- Task to carry out:
First find the line containing "So it's a slight" in the data, then set it down exactly along with every line after it, through the last.

- Exercise data:

===

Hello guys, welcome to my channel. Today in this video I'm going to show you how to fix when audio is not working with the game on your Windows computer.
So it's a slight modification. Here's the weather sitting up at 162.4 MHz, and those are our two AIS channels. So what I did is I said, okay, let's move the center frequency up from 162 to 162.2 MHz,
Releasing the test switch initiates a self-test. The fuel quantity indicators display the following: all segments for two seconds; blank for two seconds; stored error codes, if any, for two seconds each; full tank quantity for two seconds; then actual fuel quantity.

===

- Answer:
So it's a slight modification. Here's the weather sitting up at 162.4 MHz, and those are our two AIS channels. So what I did is I said, okay, let's move the center frequency up from 162 to 162.2 MHz,
Releasing the test switch initiates a self-test. The fuel quantity indicators display the following: all segments for two seconds; blank for two seconds; stored error codes, if any, for two seconds each; full tank quantity for two seconds; then actual fuel quantity.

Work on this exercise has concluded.